Ksp of Ag2S is 4  10-48 at 250C. Calculate its solubility in a pure water and 0.01 M aqueous solution of Ag2S.

The solubility product constant, Ksp, is a measure of the solubility of a compound. In this case, we are given the Ksp of Ag2S and asked to calculate its solubility in pure water and in a 0.01 M aqueous solution.

Step 1: Write the balanced chemical equation for the dissolution of Ag2S. Ag2S(s) ⇌ 2Ag+(aq) + S2-(aq)

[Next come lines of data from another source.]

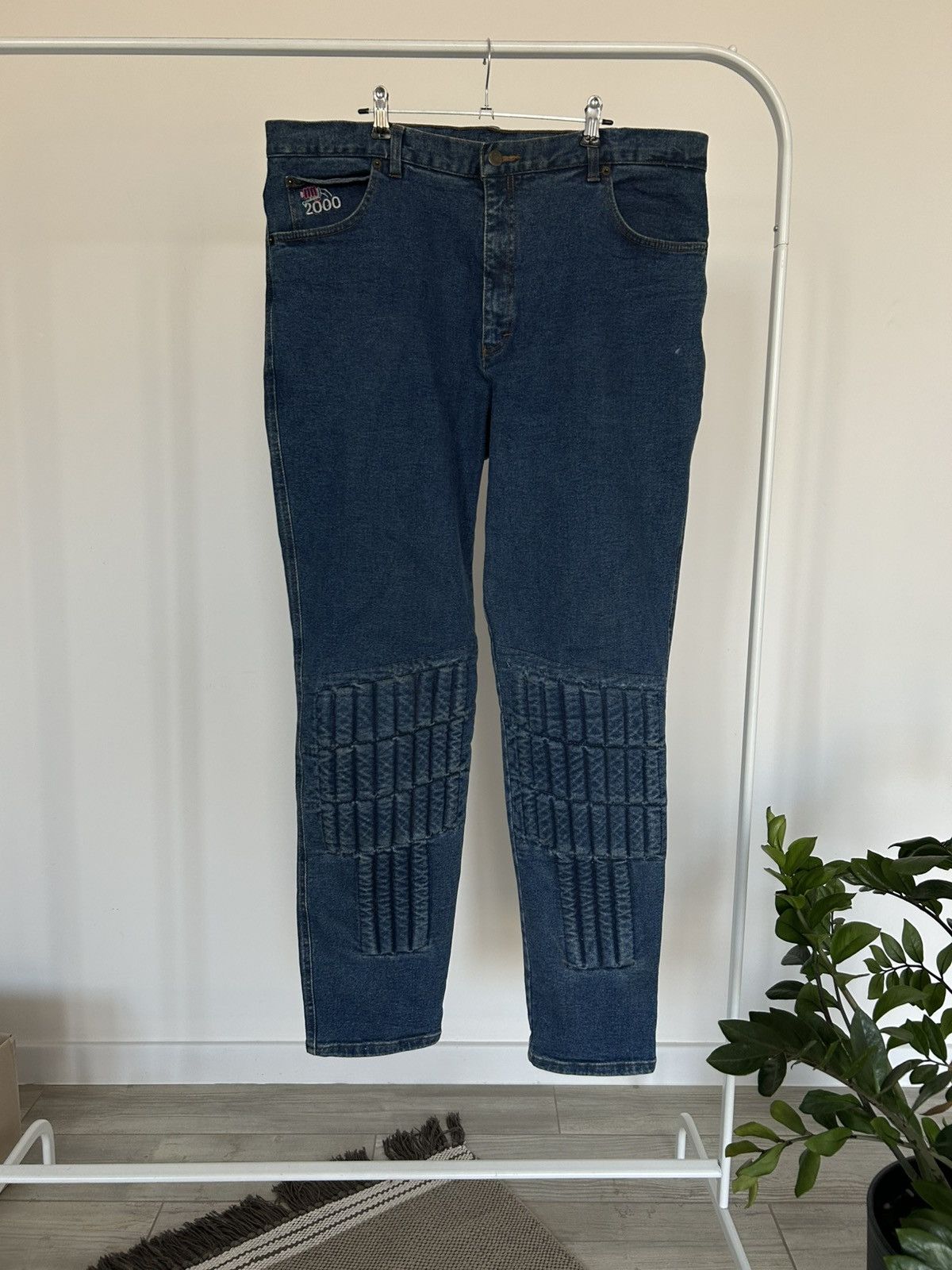 Vintage 90s Giali Motorcycle Padded Denim Jeans Biker Racing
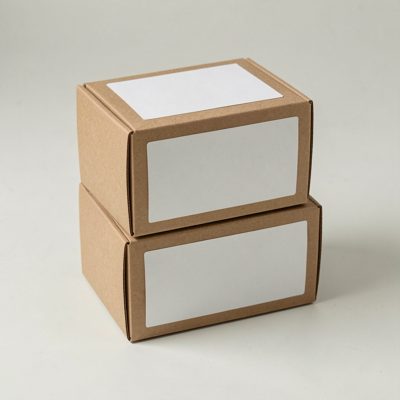 two stacked boxes with blank white labels on a plain surface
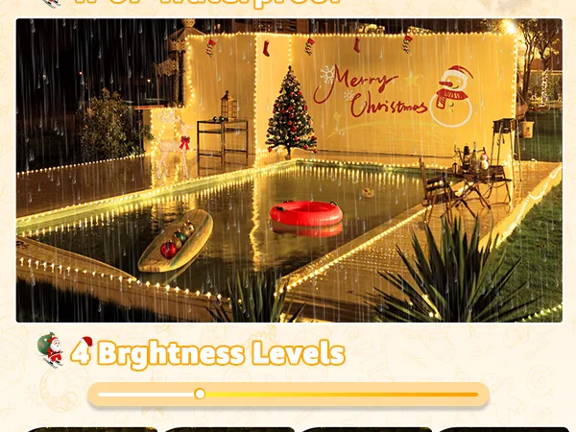 Features of Ollny's 800 leds clear cable cool white string lights - mobile size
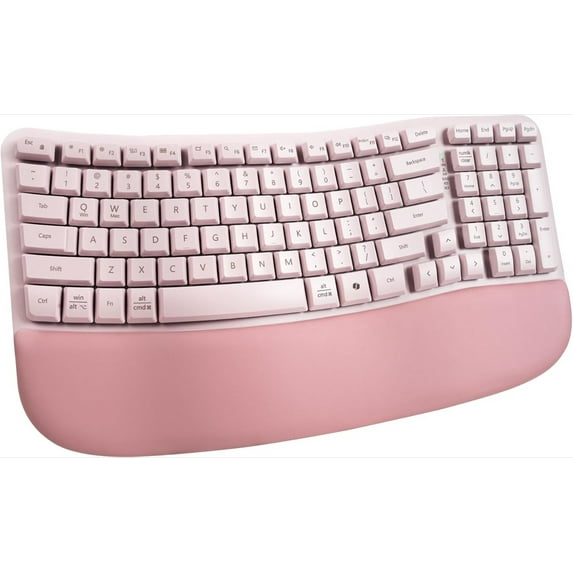 Wireless Ergonomic Keyboard with Cushioned Palm Rest, 2.4GHz Ergo Cordless USB Computer Keyboard, Comfortable Natural Typing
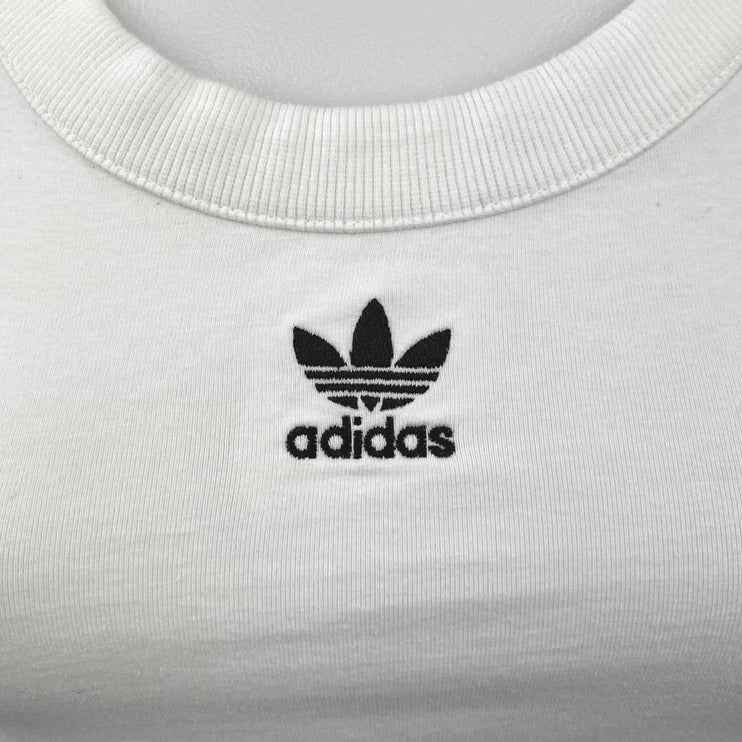 Adidas Adicolor White Classics 3-Stripes Racerback Sports Bra Crop Tank Top XS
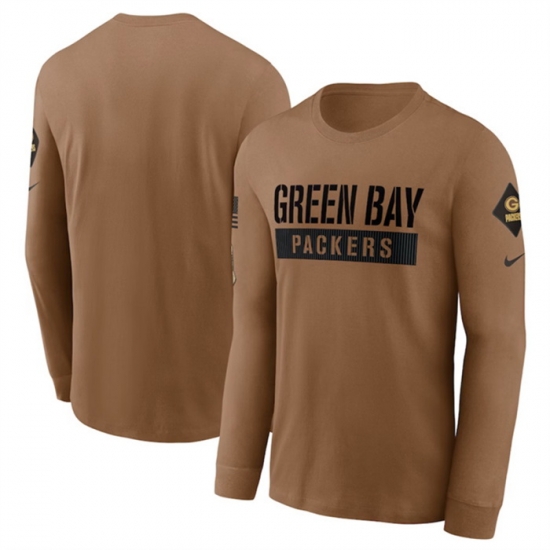 Men Green Bay Packers 2023 Brown Salute To Service Long Sleeve T Shirt Men Green Bay Packers 2023 Brown Salute To Service Long Sleeve T Shirt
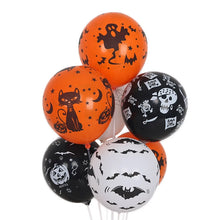 Load image into Gallery viewer, 30/10Pcs Scary Halloween Balloons Kids Toys Pumpkin Skeleton Ghost Bar Party Decor Balloon Halloween Black Orange Latex Balloon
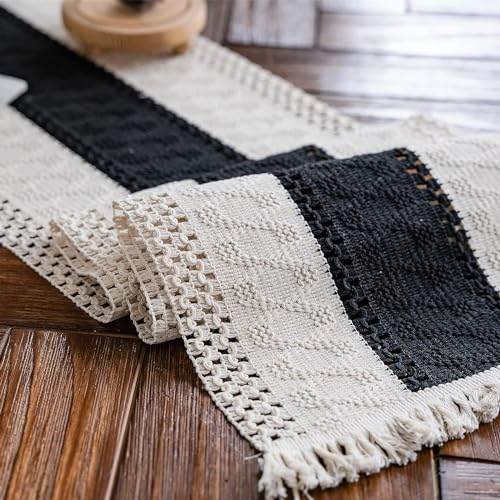 Weldomcor Makramee Tischläufer Boho Baumwollflachs Tischläufer mit Quasten, Rechteckige Häkelspitze Mesh Tischdecke für Küche Vintage Bauernhaus böhmische Hochzeit Tabletop Dekor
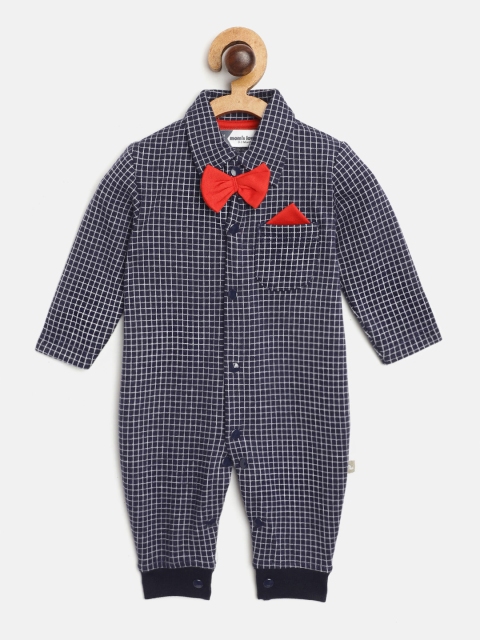 

Moms Love Infant Boys Navy Blue & White Checked Pure Cotton Rompers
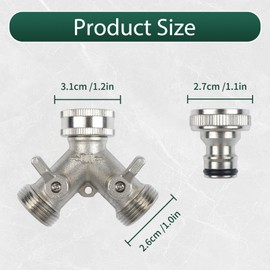 Brass Hose Connector 2 Way: 3/4" Hose Pipe Connector, Y Garden Hose Splitter for Hose Pipe, Sliver Hose Tap Splitter with 2PCS 3/4" Hose Tap Connector for Hose Pipe Irrigation Tool Fitting,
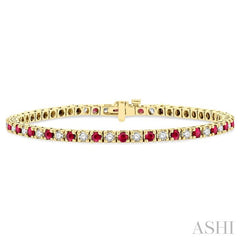 ASHI Alternate Gemstone & Diamond Tennis Bracelet 76191PPFGRBYG-1.50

Step 2: Write the expression for the solubility product constant. Ksp = [Ag+]^2[S2-]

Step 3: Set up an ICE (Initial, Change, Equilibrium) table.

For pure water: Initial concentrations are 0 for Ag+ and S2-. The change in Ag+ is +2x (since there are 2 moles of Ag+ for every mole of Ag2S that dissolves) and +x for S2-. At equilibrium, we have 2x for Ag+ and x for S2-.

Step 4: Substitute the equilibrium concentrations into the Ksp expression and solve for x. 4x10^-48 = (2x)^2 * x 4x10^-48 = 4x^3 x^3 = 1x10^-48 x = (1x10^-48)^(1/3) x = 1x10^-16 M

So, the solubility of Ag2S in pure water is 1x10^-16 M.

For the 0.01 M aqueous solution of Ag2S: The initial concentration of Ag+ is 0.01 M. The change in Ag+ is still +2x and +x for S2-. At equilibrium, we have 0.01+2x for Ag+ and x for S2-.

Substitute the equilibrium concentrations into the Ksp expression and solve for x. 4x10^-48 = (0.01+2x)^2 * x This is a cubic equation and may be difficult to solve by hand. You may need to use a calculator or computer software to find the solution. The solubility will be less than in pure water due to the common ion effect.